Aunque las obras comenzaron algunos años más tarde que las de la capilla
familiar de los Carrillo de Albornoz, su portada es todavía claramente
goticista en sus elementos centrales, con un arco polilobulado de factura
isabelina, rematado en un espacio adintelado, que sirve de marco a su vez a un
universo plateresco de entalladuras, en el que cobran vida multitud de
elementos vegetales y animales fabulosos. No sería extraño pensar pues, tal y
como afirma Jesús Bermejo, que esta parte de la capilla hubiera comenzado a
trazarse en los primeros años del siglo XVI.
Pero
no toda la portada se resume a estos elementos de clara tradición gótica, pues
se enmarcan a su vez en otro tipo de elementos mucho más renovadores, propios
ya del renacimiento. Junto a esta fachada principal, hay también una segunda
fachada, o un segundo cuerpo, que se corresponde con la reja del comulgatorio,
que se presenta a modo de gigantesco retablo en piedra.

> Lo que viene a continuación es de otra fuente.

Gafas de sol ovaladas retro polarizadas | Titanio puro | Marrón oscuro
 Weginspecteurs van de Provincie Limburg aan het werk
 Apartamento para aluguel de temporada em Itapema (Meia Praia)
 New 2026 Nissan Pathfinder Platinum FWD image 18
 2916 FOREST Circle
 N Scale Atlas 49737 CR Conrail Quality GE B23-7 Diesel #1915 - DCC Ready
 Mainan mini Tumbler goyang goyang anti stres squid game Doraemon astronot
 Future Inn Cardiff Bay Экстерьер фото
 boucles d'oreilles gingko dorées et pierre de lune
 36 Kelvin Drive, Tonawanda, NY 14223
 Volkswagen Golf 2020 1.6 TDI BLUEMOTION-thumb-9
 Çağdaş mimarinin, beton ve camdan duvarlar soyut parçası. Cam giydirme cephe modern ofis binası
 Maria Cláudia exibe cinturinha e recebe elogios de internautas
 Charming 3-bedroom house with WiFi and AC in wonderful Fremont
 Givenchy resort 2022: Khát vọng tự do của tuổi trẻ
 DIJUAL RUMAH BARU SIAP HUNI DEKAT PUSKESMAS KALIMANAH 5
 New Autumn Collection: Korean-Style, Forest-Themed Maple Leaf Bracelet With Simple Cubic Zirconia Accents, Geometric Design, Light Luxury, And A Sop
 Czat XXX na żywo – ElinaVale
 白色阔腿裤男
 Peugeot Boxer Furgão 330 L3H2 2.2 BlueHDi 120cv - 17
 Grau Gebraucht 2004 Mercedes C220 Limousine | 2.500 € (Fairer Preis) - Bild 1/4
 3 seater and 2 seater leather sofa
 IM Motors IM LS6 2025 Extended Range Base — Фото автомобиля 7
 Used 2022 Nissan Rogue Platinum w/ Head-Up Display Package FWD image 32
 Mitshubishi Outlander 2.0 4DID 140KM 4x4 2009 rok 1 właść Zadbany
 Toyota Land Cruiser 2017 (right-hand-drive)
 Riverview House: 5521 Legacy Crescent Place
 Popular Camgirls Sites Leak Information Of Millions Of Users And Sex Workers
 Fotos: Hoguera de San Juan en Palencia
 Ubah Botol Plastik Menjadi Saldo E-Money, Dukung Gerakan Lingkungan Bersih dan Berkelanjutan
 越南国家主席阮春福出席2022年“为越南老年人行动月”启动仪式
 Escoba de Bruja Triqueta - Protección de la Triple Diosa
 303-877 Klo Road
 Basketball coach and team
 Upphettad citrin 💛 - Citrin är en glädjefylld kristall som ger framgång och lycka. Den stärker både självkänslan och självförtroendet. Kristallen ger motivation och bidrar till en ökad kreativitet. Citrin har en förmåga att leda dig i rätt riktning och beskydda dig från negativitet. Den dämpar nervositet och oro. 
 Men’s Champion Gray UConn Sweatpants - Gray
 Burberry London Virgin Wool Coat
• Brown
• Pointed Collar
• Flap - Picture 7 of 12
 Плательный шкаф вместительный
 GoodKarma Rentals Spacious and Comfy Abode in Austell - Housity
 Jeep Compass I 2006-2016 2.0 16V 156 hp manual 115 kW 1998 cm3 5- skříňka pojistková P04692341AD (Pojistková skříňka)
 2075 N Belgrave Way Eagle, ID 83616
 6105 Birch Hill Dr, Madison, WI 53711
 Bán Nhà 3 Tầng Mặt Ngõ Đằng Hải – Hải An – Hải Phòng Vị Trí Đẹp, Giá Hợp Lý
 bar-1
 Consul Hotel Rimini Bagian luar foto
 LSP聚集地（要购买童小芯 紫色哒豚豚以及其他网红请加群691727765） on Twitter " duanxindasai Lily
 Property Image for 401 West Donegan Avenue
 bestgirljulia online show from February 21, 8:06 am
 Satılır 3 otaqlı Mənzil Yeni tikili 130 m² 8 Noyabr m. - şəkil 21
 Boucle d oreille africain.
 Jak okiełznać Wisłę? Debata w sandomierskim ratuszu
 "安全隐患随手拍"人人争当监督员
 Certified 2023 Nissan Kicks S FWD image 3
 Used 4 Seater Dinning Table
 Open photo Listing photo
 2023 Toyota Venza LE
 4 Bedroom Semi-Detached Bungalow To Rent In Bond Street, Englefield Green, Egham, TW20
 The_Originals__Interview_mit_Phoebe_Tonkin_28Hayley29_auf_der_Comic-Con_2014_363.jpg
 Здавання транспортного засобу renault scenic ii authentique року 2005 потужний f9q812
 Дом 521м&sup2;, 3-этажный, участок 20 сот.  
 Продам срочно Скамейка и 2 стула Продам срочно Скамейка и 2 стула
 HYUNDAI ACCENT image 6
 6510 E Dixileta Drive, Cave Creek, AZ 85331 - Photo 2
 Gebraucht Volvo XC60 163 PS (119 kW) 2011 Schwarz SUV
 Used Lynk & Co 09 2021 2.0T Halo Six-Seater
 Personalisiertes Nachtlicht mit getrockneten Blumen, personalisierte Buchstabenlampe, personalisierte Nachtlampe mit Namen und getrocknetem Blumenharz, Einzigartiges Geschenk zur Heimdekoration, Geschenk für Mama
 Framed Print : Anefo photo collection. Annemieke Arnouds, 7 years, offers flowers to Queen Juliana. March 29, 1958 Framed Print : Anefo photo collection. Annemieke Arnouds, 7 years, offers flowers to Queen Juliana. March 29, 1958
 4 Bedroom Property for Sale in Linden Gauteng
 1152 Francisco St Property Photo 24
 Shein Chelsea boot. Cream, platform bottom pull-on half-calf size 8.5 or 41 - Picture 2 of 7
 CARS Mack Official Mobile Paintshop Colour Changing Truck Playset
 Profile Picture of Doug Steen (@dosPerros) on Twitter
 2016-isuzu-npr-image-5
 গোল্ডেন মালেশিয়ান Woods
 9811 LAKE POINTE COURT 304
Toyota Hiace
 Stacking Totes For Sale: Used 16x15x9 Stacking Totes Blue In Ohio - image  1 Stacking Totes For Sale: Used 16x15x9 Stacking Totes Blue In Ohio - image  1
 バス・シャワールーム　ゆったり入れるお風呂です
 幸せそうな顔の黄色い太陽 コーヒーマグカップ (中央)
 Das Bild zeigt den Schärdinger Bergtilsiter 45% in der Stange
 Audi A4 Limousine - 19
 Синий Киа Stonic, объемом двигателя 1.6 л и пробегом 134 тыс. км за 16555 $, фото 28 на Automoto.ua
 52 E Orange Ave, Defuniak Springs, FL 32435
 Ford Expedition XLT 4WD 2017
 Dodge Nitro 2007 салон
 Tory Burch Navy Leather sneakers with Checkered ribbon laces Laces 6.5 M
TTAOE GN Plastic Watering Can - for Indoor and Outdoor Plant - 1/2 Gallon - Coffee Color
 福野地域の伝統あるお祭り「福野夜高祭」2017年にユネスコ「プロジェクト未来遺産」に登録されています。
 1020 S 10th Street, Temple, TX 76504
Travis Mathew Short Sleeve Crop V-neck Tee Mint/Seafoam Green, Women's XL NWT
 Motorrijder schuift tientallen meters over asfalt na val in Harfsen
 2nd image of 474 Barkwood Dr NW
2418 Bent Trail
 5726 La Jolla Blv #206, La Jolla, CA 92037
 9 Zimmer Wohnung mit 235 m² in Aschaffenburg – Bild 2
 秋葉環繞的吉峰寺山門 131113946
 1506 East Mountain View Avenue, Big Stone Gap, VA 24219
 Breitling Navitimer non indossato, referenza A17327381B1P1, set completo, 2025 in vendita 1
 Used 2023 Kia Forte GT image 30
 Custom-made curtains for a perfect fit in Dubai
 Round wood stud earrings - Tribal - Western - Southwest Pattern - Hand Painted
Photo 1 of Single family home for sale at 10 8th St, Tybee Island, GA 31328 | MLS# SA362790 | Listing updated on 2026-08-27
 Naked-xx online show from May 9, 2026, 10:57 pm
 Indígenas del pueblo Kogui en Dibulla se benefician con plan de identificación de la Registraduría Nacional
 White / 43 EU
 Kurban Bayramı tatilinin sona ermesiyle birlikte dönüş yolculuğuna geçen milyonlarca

En el centro del
retablo aparece un nicho con una elegante imagen de la Virgen con el Niño en
brazos, y coronando el entablamiento, dos ángeles. Rodean el propio comulgatorio, enmarcados en
cariátides, otros dos nichos, en los que figuran San Jerónimo y San Juan
Bautista, Todo ello se enmarca, en un cuerpo superior que abarca toda la
fachada, con un friso de crestería que ocupa la totalidad de la cornisa. Si la
primera parte de la fachada se relaciona todavía, como hemos visto, con el arte
goticista y plateresco, esta segunda parte es ya puramente renacentista Por su
parte, el interior es ya claramente clasicista, aunque algunos de sus elementos
nos siguen recordando también el plateresco de la fachada. Este dominio
renacentista se puede apreciar sobre todo en la profusa ornamentación de las
ménsulas que soportan las bóvedas, formada por más de cincuenta casetones, y en
las cuatro figuras que, talladas de cuerpo entero, aparecen grabadas en las
enjutas del arco central.
Toda
la decoración de la capilla se debe al escultor Diego de Tiedra, que por
aquellas fechas acababa de llegar a Cuenca, para renovar la aletargada escuela
conquense de escultura, dominada en ese momento por Antonio Flórez y su hijo,
Diego. Es muy probable que fuera llamado por el propio Muñoz para ello, pues se
trata ésta de la primera obra conocida que este tallista realizó en la ciudad
del Júcar. Fue además entallador y arquitecto, e incluso tallador de la Casa de
la Moneda, y es también el autor del altar mayor de la capilla, también de
estilo plateresco. En el nicho principal figura una representación en bulto
redondo de la Virgen con el Niño en brazos, rodeadas ambas figuras por los dos
santos juanes, también niños. En el coronamiento figura el Padre Eterno, en
altorrelieve, y en el banco, en bajorrelieve, Cristo Yacente. Y rodeando a la
figura central hay también sendas calles laterales, separadas de aquélla y
remarcadas por columnas abalaustradas, en las que destacan sobre los diferentes
adornos de mascarones y cabezas de cabra, diversos altorrelieves en los que se
representan figuras relacionadas con la vida de la Virgen (Santa Ana, San
Joaquín, Santa Isabel y Zacarías), tres de los apóstoles (San Pedro, San Pablo
y Santiago), y San Cristóbal, como elemento discordante, pues no pertenece a
ninguna de las dos tradiciones iconográficas.
Y
también son renacentistas las dos rejas, la de la entrada y la del
comulgatorio, que también han sido atribuidas por Jesús Bermejo, como las de la
contigua capilla de Caballeros, al rejero francés Esteban Lemosín.